In the days following the YIMBYtown conference in Austin, a number of national outlets have commented on the growing strength of the pro-housing movement and the strange bedfellows it has attracted.

The NYT:

For years, the Yimbytown conference was an ideologically safe space where liberal young professionals could talk to other liberal young professionals about the particular problems of cities with a lot of liberal young professionals: not enough bike lanes and transit, too many restrictive zoning laws.

...But the vibes and crowd were surprisingly different at this year’s meeting, which was held at the University of Texas at Austin in February. In addition to vegan lunches and name tags with preferred pronouns, the conference included — even celebrated — a group that had until recently been unwelcome: red-state Republicans.

...“Some issues become a horseshoe,” said Cody Vasut, a Republican member of the Texas House of Representatives’ Freedom Caucus, using a very Texas analogy. “We have different views of government but sometimes we arrive at the same conclusion.”

Bloomberg CityLab also cited Vasut, and highlighted a bipartisan panel he was on:

Vasut spoke on a panel split along ideological lines. Brennan Griffin of Texas Appleseed, a nonprofit focused on social and racial justice, shared a stage with Judge Glock, director of research at the right-leaning Manhattan Institute, and Chance Weldon, the director of litigation for the Texas Public Policy Foundation (another conservative think tank). The panel was organized by Texans for Reasonable Solutions, a nonpartisan group that fought last session — mostly unsuccessfully — for bills that would reduce minimum lot sizes, allow for more accessory dwelling units and accelerate the permitting process. 

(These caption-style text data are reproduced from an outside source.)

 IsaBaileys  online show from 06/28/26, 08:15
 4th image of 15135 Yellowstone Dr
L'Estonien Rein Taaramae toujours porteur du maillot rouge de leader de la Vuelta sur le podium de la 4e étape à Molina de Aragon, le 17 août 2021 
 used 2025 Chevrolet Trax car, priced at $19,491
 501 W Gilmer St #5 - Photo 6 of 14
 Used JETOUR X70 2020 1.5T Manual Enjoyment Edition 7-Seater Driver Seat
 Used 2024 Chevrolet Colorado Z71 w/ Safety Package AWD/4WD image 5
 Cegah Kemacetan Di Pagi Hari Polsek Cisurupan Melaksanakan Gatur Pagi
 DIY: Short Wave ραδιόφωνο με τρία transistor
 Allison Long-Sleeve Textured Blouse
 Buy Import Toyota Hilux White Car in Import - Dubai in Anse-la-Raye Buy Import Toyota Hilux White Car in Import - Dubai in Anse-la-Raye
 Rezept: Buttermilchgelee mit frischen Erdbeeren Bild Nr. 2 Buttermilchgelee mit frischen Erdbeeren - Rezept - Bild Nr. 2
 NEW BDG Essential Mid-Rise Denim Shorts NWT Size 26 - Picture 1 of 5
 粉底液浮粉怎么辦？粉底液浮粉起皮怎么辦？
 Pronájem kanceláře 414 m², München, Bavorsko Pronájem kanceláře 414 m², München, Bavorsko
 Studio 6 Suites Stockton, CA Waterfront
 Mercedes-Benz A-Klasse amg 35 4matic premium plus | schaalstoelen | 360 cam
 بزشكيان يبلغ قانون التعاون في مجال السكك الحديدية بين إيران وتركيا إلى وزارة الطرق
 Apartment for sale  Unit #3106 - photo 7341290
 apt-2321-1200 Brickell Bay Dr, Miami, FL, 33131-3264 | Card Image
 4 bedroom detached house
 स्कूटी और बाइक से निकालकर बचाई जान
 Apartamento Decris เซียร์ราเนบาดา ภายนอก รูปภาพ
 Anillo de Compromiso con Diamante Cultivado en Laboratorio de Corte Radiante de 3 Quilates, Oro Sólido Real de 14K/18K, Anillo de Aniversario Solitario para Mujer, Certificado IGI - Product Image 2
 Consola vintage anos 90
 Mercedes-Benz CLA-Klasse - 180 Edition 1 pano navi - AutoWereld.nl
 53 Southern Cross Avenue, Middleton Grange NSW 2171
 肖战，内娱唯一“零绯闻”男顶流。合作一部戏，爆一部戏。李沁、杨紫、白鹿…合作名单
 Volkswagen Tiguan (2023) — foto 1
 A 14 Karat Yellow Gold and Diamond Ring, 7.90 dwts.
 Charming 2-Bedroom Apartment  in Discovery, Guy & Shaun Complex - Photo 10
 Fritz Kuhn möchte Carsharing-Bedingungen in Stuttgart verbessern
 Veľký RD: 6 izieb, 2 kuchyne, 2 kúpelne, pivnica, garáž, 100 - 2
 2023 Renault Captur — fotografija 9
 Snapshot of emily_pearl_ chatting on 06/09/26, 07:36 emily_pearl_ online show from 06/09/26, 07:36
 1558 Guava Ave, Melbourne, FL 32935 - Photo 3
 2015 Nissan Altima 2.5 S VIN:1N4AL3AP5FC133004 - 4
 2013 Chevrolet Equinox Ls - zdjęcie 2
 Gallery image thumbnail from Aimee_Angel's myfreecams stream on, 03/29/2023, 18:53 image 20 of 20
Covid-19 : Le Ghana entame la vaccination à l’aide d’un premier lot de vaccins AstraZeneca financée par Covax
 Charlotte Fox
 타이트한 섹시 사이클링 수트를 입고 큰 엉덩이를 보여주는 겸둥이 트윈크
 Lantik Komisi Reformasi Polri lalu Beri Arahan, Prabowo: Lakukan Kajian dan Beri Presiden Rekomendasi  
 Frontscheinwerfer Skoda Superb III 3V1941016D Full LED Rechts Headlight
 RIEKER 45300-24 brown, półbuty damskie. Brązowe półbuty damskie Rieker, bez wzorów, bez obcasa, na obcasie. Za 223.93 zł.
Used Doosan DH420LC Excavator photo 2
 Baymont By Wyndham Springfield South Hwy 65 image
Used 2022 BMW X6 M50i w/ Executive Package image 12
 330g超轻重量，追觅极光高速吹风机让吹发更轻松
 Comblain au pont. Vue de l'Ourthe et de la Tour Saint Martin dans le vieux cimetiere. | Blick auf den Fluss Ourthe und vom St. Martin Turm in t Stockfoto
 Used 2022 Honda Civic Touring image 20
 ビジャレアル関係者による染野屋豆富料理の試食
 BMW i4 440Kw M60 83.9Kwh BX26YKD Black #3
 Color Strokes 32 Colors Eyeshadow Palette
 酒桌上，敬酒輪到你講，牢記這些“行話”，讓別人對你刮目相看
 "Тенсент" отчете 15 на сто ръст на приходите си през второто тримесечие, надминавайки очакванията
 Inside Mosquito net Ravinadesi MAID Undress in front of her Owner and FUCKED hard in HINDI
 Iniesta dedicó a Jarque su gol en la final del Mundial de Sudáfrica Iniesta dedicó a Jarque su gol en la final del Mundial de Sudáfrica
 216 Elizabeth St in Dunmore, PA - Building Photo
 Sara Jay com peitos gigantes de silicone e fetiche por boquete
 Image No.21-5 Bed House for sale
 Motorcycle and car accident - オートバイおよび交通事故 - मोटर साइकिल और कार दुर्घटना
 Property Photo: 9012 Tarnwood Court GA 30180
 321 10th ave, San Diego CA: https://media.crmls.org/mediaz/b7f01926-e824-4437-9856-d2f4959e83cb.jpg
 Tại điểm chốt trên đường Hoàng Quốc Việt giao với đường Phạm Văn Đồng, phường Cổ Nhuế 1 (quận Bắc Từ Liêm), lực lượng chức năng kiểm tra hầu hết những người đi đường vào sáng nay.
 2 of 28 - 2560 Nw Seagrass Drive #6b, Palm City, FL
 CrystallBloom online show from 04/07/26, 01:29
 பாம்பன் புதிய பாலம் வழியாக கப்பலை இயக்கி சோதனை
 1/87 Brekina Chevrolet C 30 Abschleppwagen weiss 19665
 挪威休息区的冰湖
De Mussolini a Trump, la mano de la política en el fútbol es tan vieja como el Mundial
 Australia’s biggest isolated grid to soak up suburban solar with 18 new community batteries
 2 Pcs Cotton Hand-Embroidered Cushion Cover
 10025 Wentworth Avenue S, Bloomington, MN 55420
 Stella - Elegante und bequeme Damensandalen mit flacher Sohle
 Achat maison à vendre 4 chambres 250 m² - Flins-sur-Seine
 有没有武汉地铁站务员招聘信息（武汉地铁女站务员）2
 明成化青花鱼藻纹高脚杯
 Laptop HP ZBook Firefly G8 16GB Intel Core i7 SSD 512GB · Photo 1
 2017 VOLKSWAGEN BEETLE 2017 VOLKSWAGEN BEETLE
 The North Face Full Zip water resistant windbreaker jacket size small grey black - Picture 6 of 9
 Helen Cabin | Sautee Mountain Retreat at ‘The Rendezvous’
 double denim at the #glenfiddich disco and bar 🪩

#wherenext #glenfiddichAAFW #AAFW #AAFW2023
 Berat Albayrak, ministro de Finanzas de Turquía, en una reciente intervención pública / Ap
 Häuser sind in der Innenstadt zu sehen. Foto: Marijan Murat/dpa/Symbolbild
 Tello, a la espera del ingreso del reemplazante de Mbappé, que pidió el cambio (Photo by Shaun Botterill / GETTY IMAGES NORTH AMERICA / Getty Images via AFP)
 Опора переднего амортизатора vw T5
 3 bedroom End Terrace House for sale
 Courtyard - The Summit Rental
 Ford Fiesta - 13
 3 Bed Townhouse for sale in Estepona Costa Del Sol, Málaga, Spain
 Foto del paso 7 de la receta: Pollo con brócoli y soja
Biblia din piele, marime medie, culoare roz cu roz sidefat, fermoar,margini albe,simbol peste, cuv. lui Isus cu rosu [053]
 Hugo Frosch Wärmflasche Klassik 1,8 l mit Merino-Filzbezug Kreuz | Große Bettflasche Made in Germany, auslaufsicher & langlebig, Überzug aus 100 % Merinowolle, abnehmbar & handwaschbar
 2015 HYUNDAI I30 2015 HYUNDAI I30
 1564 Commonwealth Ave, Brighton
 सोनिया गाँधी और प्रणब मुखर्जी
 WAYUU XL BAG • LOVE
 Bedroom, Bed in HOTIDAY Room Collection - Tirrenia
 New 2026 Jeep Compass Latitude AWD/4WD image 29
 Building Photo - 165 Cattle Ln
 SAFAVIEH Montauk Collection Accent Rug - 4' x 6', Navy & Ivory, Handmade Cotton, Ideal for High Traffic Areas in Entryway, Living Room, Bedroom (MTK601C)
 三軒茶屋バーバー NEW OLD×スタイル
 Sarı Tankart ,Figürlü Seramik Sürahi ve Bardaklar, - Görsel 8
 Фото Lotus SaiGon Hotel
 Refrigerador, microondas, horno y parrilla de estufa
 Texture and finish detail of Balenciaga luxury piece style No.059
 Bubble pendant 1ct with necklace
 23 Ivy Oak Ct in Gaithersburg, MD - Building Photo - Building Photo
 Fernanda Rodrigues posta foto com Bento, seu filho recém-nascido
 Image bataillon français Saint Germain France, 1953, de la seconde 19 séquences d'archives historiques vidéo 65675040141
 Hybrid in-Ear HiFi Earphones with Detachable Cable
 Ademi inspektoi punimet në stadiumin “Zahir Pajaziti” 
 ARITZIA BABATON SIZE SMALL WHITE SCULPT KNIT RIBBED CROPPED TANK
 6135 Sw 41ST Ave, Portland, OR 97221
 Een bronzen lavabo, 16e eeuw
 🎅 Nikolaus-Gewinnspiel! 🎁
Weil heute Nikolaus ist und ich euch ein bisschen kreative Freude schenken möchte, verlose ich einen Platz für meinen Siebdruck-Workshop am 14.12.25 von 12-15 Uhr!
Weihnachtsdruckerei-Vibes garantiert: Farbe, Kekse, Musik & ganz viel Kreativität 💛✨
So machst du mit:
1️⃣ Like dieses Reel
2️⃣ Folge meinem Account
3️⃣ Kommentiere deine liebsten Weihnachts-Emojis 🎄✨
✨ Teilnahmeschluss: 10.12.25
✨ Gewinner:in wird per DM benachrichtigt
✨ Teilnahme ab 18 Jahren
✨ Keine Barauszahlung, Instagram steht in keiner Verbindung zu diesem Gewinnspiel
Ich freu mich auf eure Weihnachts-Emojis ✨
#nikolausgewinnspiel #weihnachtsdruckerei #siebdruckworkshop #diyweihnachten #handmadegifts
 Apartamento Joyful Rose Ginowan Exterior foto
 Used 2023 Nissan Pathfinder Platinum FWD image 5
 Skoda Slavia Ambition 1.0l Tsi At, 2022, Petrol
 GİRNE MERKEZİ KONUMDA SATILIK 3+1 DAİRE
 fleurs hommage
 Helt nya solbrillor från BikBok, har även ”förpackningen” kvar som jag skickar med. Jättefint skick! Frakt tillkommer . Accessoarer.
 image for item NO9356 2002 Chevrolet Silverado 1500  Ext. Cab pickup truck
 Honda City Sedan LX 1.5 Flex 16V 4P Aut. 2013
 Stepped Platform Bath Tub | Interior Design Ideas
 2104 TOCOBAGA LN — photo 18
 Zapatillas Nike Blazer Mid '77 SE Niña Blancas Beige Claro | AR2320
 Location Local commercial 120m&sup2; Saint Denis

Wow, TPPF –– your local lobby for the fossil fuel industry. That's a whole different ballgame than the libertarian nerds at Mercatus, Reason, or AEI.

It's worth noting that many of these groups have deep disagreements about city-building. Even if we set aside TPPF as a particularly oily outlier, the center-right types are often less concerned about sprawl and less attached to promoting public transit.

That being said, it was just the other day that North Dakota Gov. Doug Burgum (an also-ran for the GOP presidential nomination) delivered remarks on the state of American cities that could have been written for a Rethink35 protest.

In a brief history of zoning at the National Governors Association Winter Meeting, he said that it began as a means to separate industry from homes but eventually morphed into a complex web of rules separating different types of homes and businesses.

"And guess who that was great for? That was great for people who build roads and for the car companies. And then we built cities all over America that are designed for automobiles and not designed for people. People will go on vacation and they'll say, 'wow that was the most amazing vacation I ever had,' Why? Well because we went to someplace where we could walk everywhere. Well you can actually have that in our own states, you just have to design it."

And yet, you go to his Twitter and you see this:

That's politics for ya.

In city politics in Austin, the right hasn't been particularly helpful on land use. Council's lone Republican, Mackenzie Kelly, initially showed some signs of being a YIMBY sympathizer but has since reverted into reflexive opposition to land use reforms. Conservative mayoral candidate Jennifer Virden was also a staunch opponent of zoning reform, as was conservative District 8 Council candidate Richard Smith, who unsuccessfully challenged Paige Ellis in 2022.